Erosion in the vicinity of structures
Members: F. Lachaussée, Y. Bertho, C. Morize,
A. Sauret (UCSB) and P. Gondret.

Erosion and
transport of earth material is a leading threat for
human activity and ecosystems. For instance, at the pier of a bridge, erosion can damage the entire
structure leading to bridge failure. Achieving better hazard assessment requires coupling both the fluid
dynamics around the structure (instabilities, wall effects) and the transport phenomena of solid materials.
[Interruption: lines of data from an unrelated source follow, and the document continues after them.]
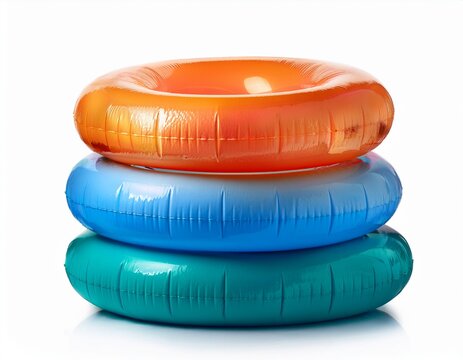 pile of inflatable ring for swimming pool isolated on white background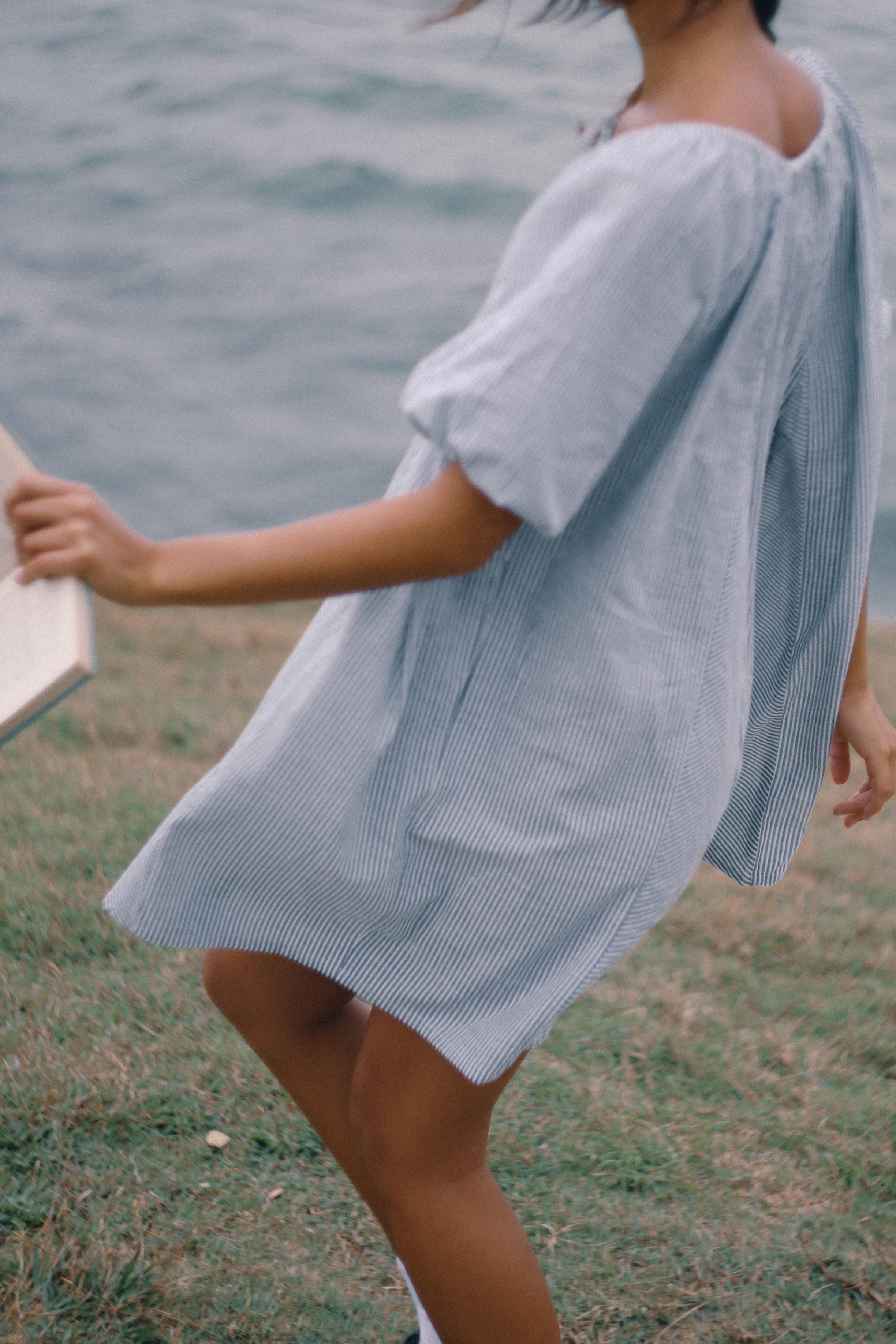 THE BARE ROAD Chloe dress - Spirulina stripe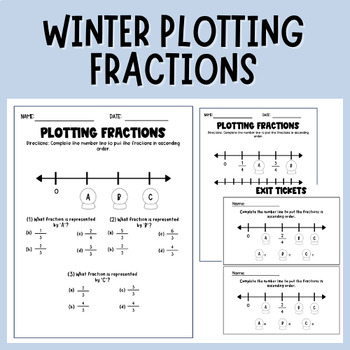 Preview of Plotting and Ordering Fractions on a Number line | Winter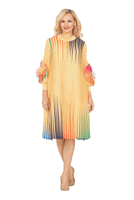 Giovanna <br> (2026) <br> GVDP2447 <br> <br> Gold-Multi <br> S/M L/XL 1x/2x<br><br>Golden Glow Pleated Dress w/ Artistic Stripe Print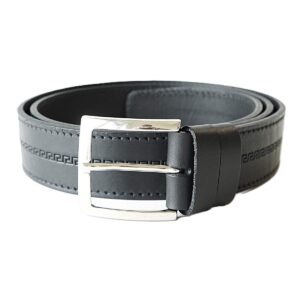 Juodas odinis vyriškas diržas prie džinsų su raštu 4 cm - Vilnius Fashion Belts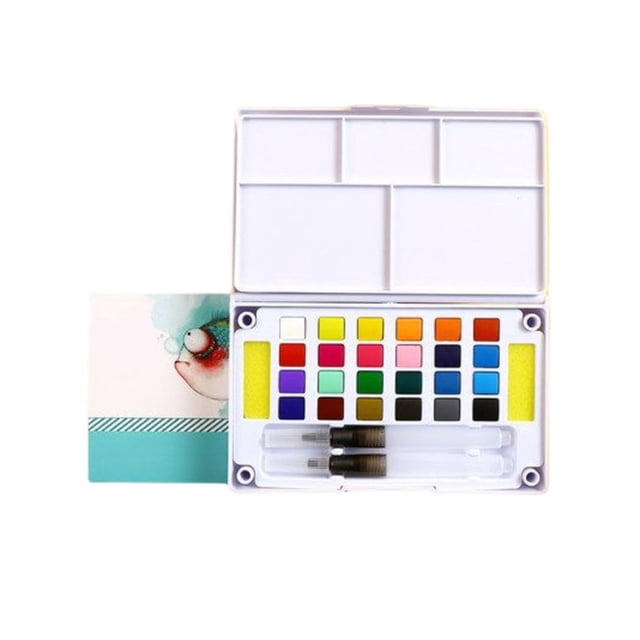 Sidaley Carcasa de plástico de 24 colores, acuarela sólida para niños, estudiantes, pintura de artista, aprendizaje, pigmento de pintura pinturas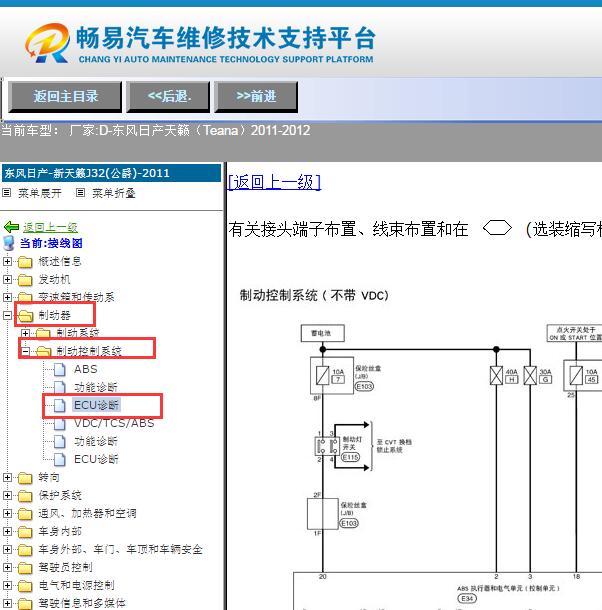 2011-2012年日产天籁ABS电路图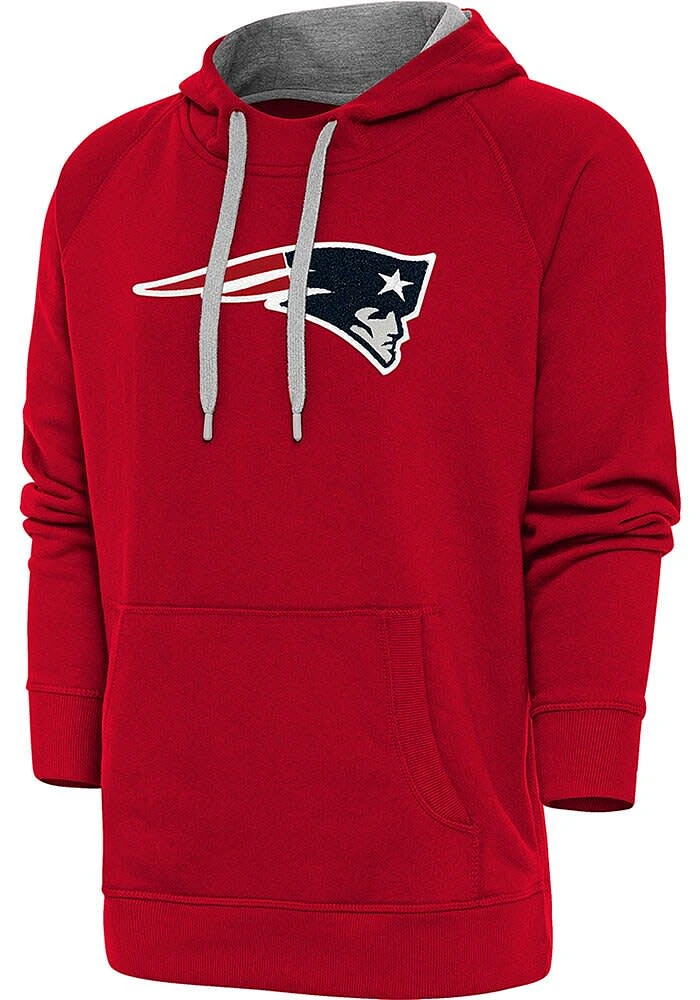 Antigua New England Patriots Mens Full Front Chenille Victory Long Sleeve Hoodie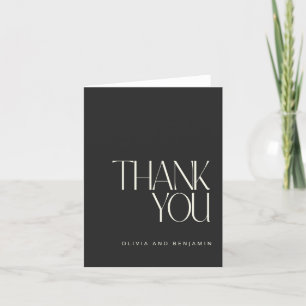 Eleganter Klassiker Schwarz Einfache Moderne Custo Dankeskarte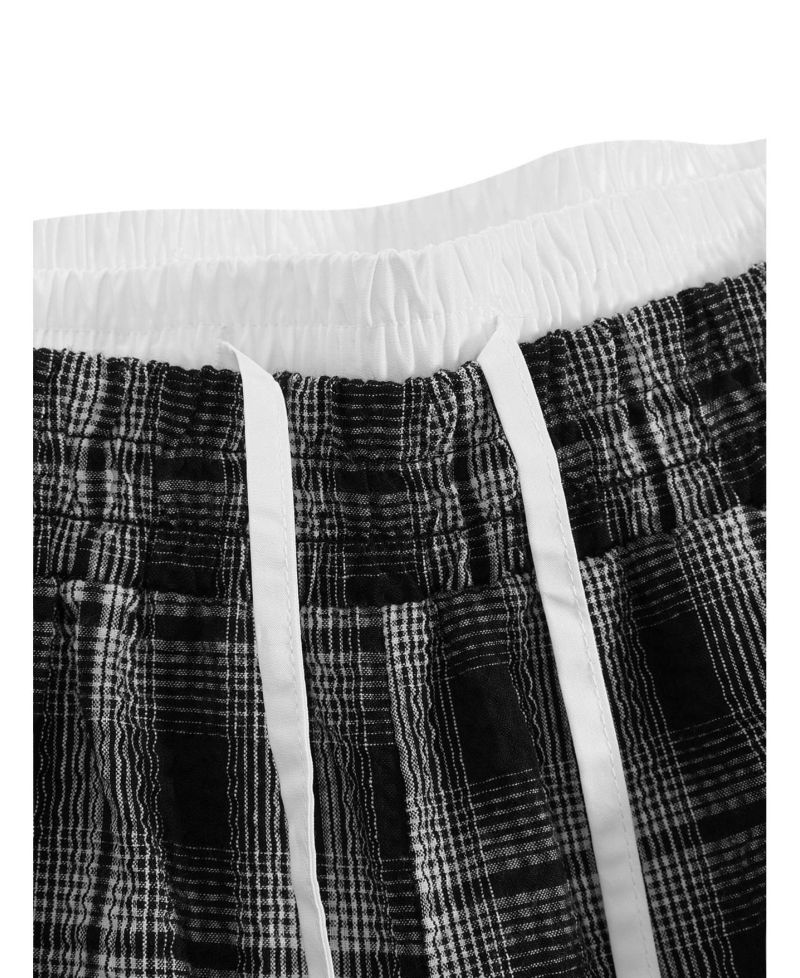 Women's Baggy Wide-Leg Plaid Sweatpants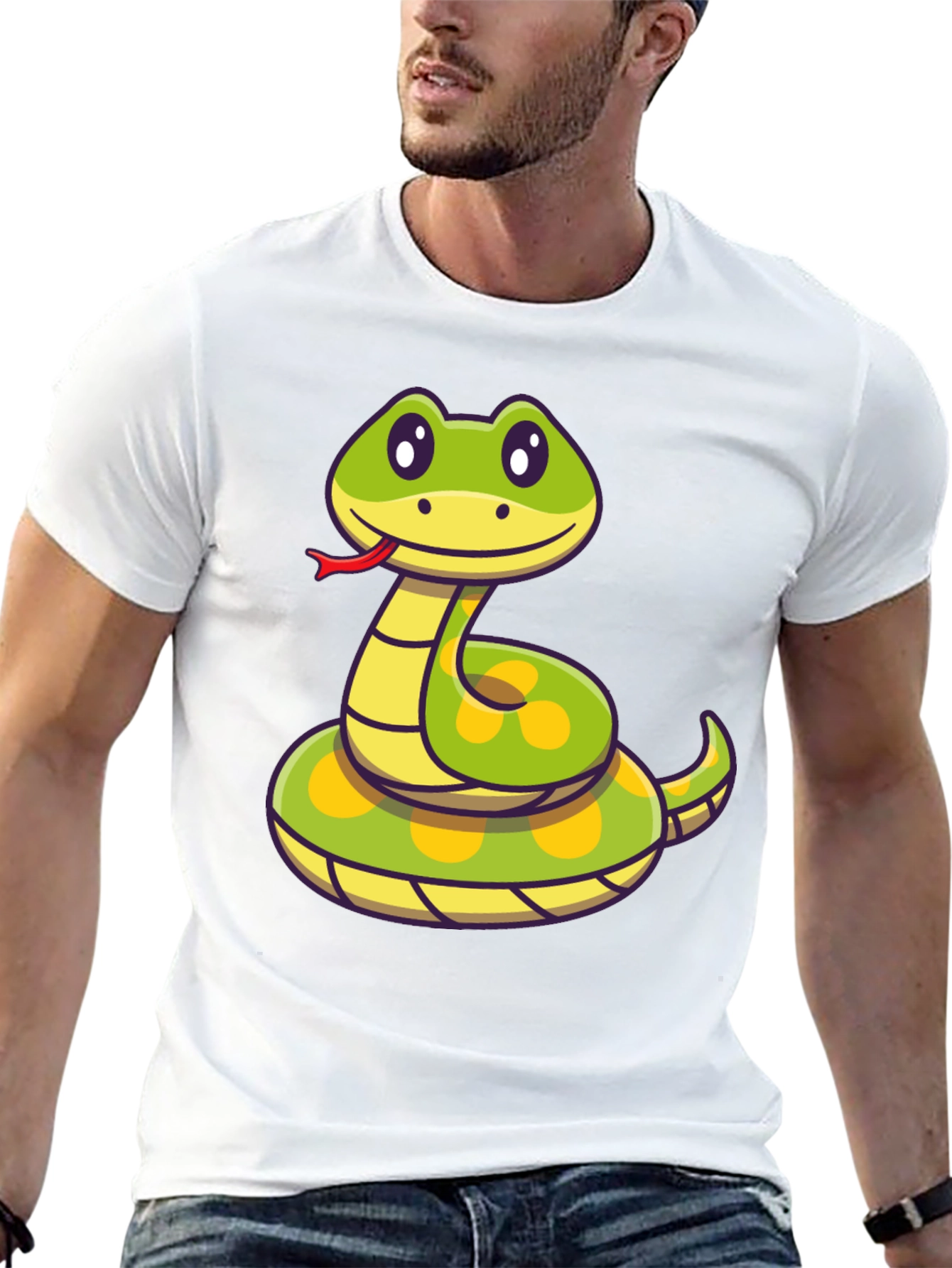 Cute Cartoon Snake T-Shirt - Black Crew Neck Tee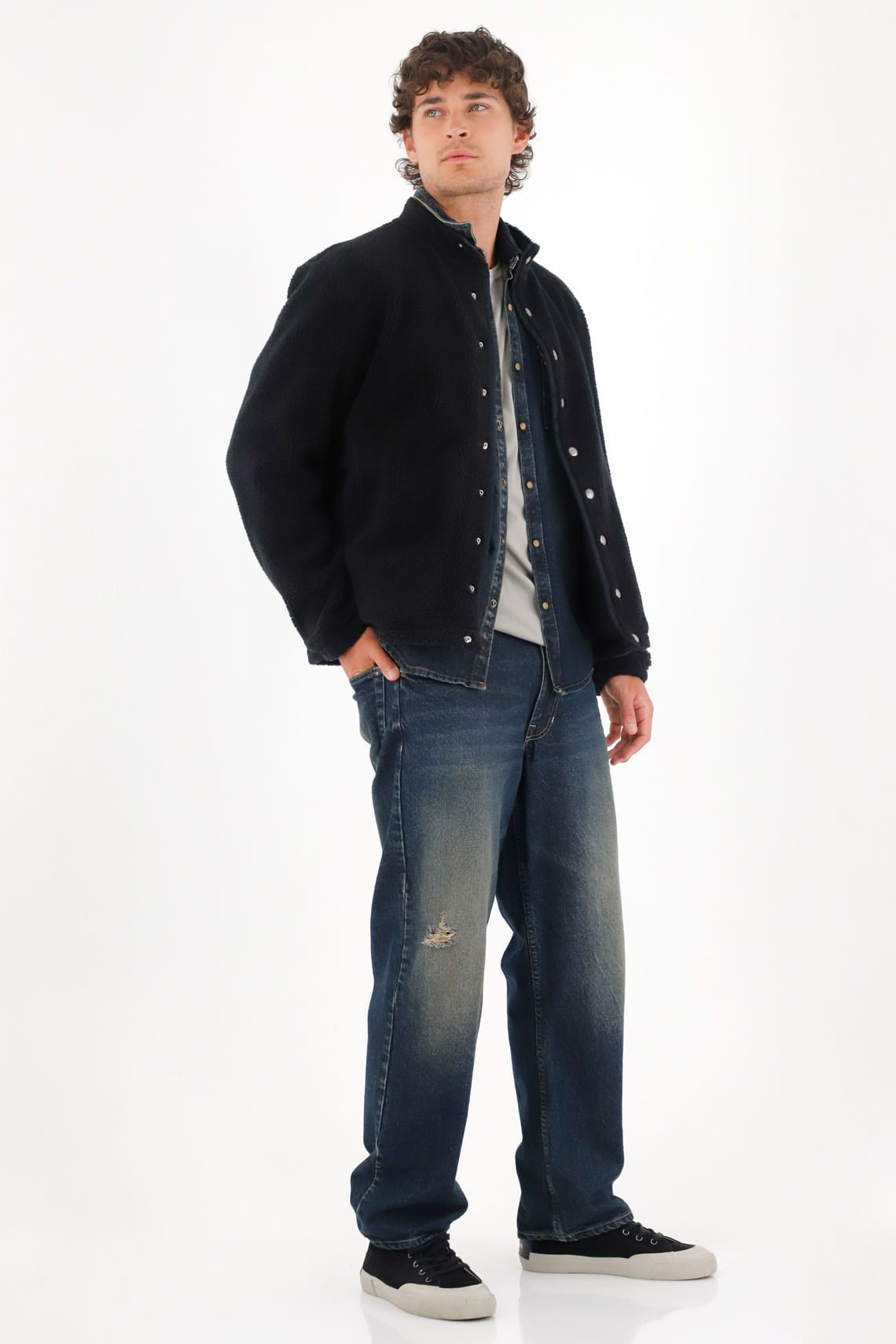 Chaqueta en tela ovejero negra para hombre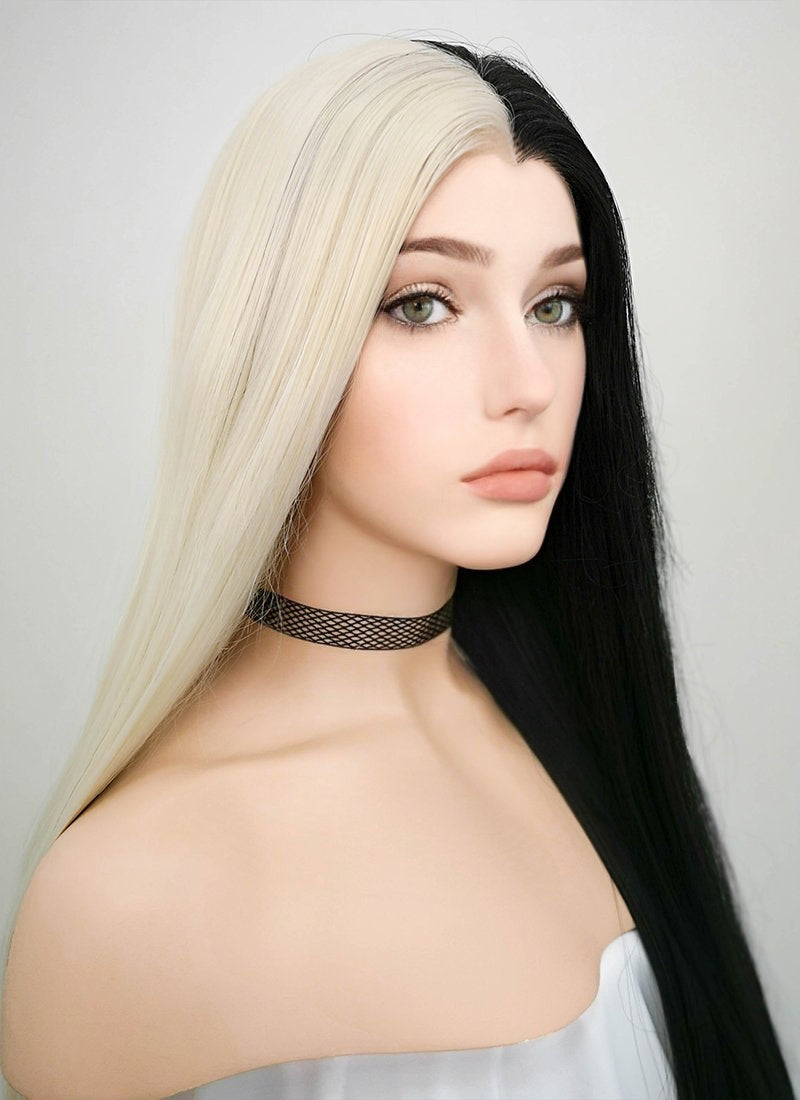Straight Light Blonde Black Split Color Lace Wig CLW1531 (Customisable)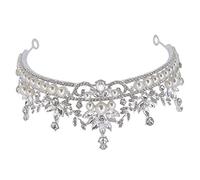 OUNONA Silver Rhinestone Tiara Headband Bridal Wedding Crown Zinc Alloy Birthday Party Hair Accessory for Women Durable Rust Elegant Hairpiece for Brides and Celebrations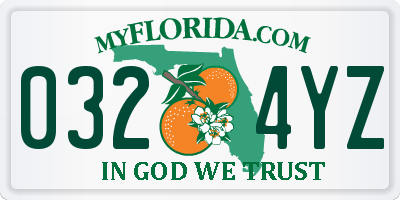 FL license plate 0324YZ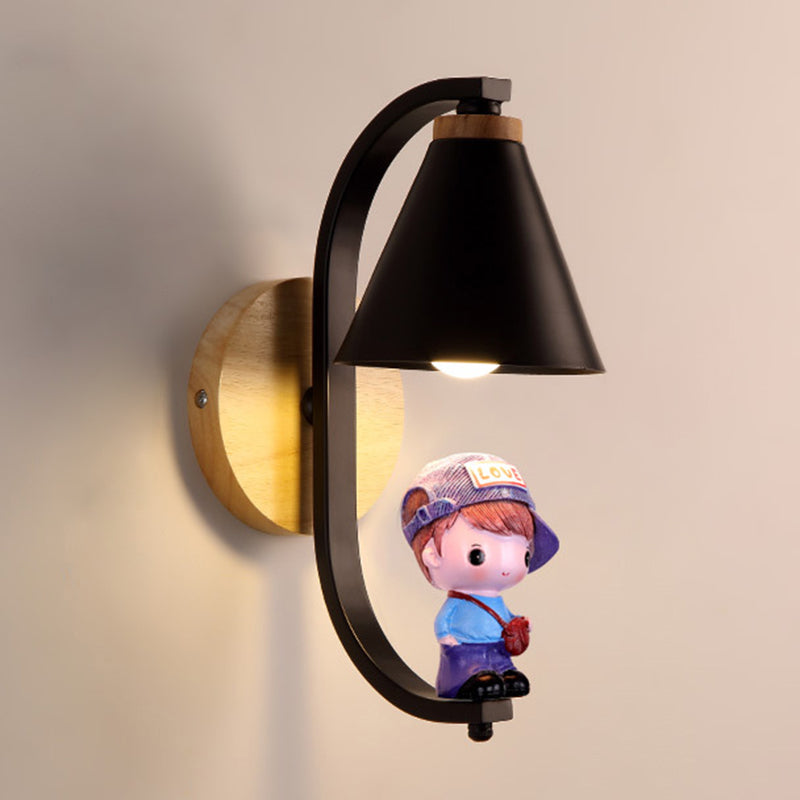 Creativity Metal Wall Sconce Boy and Girl Wall Mounted Light Fixture for Child Room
We investigate experimentally the local erosion of a granular bed near a fixed vertical
cylinder that emerges from the bed. The onset of erosion arising at the base of the cylinder and
usually ascribed to the wrapping horseshoe vortex (top image) is determined and rationalized by a flow
contraction effect. We report another erosion pattern visible downstream of the cylinder that
consists of two side-by-side elongated holes (bottom image). This pattern is observed for flow regimes close
to the horseshoe scour onset, whose growth usually inhibits its spatiotemporal development..
Publication
Competitive dynamics of two erosion patterns around a cylinder
F. Lachaussée, Y. Bertho, C. Morize, A. Sauret, P. Gondret, Phys. Rev. Fluids 3, 012302(R) (2018).